> What to do
Only one portion of the data is to be written out: from the line bearing "Primary Photo - 34417 SW 189th Ct" through the line bearing "Spaghetti Anime Part 2 11/16". Write it exactly as it appears.

(Data extracted from a collection)
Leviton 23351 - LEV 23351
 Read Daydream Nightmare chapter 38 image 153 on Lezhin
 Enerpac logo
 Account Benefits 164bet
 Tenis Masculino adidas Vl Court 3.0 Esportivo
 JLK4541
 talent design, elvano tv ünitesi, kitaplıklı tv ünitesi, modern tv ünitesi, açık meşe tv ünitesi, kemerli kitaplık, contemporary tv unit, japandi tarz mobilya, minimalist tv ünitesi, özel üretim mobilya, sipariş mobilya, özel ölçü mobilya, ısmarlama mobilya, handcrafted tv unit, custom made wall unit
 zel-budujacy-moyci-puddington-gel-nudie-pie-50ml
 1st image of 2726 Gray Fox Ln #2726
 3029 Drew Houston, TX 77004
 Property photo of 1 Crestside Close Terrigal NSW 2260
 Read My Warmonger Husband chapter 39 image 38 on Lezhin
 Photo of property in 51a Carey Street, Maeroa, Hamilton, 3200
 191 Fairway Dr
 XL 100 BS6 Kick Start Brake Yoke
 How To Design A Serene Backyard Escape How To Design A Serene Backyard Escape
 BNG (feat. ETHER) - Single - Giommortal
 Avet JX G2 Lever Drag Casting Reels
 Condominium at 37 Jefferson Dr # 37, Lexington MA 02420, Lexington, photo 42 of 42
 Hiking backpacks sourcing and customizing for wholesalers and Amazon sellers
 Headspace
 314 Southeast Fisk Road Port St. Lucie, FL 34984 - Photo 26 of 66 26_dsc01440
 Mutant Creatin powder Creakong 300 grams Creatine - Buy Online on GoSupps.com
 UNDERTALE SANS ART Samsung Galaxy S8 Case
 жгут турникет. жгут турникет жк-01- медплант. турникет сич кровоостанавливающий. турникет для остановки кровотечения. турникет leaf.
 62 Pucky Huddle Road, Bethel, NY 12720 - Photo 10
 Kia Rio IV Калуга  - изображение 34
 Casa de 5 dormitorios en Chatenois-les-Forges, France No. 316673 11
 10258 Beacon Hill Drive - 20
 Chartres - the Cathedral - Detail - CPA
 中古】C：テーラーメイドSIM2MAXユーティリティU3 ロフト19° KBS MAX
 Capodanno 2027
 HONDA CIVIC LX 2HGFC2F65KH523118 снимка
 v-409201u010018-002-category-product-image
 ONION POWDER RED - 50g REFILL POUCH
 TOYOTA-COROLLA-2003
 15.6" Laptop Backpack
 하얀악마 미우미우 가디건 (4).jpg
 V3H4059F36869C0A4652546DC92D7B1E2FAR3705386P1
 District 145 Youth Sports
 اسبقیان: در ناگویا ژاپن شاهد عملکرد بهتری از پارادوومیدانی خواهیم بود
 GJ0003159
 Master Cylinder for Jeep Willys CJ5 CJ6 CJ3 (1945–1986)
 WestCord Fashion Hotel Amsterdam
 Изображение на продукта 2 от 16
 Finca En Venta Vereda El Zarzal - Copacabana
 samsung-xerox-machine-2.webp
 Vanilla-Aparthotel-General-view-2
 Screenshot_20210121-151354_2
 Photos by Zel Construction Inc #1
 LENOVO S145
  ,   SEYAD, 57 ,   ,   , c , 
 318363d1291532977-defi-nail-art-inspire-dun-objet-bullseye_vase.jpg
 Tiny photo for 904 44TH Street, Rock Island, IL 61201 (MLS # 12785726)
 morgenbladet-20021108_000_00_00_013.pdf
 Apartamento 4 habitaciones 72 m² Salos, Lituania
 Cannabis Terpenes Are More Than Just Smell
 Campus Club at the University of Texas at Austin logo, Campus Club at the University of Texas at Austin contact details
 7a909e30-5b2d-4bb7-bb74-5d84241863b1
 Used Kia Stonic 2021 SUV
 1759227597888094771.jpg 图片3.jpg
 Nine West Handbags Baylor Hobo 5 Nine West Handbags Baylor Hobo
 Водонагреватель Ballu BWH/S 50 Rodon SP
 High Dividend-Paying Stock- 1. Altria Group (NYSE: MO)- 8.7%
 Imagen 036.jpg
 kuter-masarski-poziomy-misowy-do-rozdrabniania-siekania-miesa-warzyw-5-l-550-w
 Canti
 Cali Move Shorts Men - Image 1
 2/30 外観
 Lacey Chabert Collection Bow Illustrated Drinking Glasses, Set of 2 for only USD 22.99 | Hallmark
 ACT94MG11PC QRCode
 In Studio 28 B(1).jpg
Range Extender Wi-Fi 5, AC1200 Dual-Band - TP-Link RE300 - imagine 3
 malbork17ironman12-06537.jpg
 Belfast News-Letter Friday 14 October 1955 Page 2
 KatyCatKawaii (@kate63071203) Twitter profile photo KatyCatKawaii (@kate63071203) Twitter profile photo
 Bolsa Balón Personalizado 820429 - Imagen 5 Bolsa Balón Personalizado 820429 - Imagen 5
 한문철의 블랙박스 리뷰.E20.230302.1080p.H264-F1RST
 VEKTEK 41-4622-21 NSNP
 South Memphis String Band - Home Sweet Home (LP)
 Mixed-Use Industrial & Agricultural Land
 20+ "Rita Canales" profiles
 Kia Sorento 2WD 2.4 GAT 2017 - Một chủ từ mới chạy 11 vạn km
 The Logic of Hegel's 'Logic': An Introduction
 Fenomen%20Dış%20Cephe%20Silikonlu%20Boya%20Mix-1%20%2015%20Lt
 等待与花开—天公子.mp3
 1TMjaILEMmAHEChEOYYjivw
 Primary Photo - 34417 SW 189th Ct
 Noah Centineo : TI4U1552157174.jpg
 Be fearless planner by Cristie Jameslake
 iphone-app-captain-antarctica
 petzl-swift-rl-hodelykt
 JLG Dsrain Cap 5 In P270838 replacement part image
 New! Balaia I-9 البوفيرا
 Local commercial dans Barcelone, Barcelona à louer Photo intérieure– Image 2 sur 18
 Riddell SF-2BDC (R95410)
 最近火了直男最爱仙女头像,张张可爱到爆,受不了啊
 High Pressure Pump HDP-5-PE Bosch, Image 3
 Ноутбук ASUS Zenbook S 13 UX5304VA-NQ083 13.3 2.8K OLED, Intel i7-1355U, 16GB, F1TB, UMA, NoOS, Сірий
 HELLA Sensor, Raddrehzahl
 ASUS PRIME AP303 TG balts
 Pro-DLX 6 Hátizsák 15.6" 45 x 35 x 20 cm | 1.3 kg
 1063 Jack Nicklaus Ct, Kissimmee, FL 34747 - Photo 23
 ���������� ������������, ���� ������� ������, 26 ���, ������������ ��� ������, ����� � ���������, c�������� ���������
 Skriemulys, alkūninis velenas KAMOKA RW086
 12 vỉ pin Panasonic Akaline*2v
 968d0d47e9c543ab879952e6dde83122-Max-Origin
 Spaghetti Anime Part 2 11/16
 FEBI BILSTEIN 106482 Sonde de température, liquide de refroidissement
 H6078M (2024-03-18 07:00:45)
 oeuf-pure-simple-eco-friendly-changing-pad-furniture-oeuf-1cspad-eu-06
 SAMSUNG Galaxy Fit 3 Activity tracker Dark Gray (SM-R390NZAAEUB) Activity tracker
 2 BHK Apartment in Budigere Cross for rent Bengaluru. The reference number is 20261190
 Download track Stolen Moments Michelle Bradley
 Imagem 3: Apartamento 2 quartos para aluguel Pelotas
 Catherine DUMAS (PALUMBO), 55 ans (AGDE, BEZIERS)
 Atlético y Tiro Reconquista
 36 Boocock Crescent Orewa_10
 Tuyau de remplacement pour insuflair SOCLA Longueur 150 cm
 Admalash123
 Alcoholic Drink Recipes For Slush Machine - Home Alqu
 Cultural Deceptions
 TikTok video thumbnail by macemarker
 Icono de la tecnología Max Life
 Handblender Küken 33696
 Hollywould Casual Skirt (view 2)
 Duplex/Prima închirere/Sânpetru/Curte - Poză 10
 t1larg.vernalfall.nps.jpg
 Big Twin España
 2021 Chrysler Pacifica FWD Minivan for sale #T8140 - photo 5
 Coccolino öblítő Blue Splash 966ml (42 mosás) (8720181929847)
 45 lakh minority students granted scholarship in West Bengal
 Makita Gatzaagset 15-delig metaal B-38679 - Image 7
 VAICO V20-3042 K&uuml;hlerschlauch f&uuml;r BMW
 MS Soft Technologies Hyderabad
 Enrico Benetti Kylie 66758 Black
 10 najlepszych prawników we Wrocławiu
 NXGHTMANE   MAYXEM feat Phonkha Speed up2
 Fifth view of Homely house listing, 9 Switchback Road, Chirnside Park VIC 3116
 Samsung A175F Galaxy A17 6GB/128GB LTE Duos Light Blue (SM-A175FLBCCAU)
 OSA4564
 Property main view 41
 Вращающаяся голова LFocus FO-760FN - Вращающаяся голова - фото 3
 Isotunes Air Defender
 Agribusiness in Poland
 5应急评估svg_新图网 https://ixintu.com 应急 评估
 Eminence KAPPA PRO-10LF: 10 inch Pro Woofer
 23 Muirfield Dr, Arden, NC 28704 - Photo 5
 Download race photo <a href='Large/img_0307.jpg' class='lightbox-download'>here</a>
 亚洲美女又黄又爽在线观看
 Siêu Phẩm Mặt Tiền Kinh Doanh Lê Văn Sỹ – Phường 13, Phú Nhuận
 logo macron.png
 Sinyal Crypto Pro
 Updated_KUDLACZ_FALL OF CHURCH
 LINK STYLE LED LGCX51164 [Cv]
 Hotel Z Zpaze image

> Task result
 Primary Photo - 34417 SW 189th Ct
 Noah Centineo : TI4U1552157174.jpg
 Be fearless planner by Cristie Jameslake
 iphone-app-captain-antarctica
 petzl-swift-rl-hodelykt
 JLG Dsrain Cap 5 In P270838 replacement part image
 New! Balaia I-9 البوفيرا
 Local commercial dans Barcelone, Barcelona à louer Photo intérieure– Image 2 sur 18
 Riddell SF-2BDC (R95410)
 最近火了直男最爱仙女头像,张张可爱到爆,受不了啊
 High Pressure Pump HDP-5-PE Bosch, Image 3
 Ноутбук ASUS Zenbook S 13 UX5304VA-NQ083 13.3 2.8K OLED, Intel i7-1355U, 16GB, F1TB, UMA, NoOS, Сірий
 HELLA Sensor, Raddrehzahl
 ASUS PRIME AP303 TG balts
 Pro-DLX 6 Hátizsák 15.6" 45 x 35 x 20 cm | 1.3 kg
 1063 Jack Nicklaus Ct, Kissimmee, FL 34747 - Photo 23
 ���������� ������������, ���� ������� ������, 26 ���, ������������ ��� ������, ����� � ���������, c�������� ���������
 Skriemulys, alkūninis velenas KAMOKA RW086
 12 vỉ pin Panasonic Akaline*2v
 968d0d47e9c543ab879952e6dde83122-Max-Origin
 Spaghetti Anime Part 2 11/16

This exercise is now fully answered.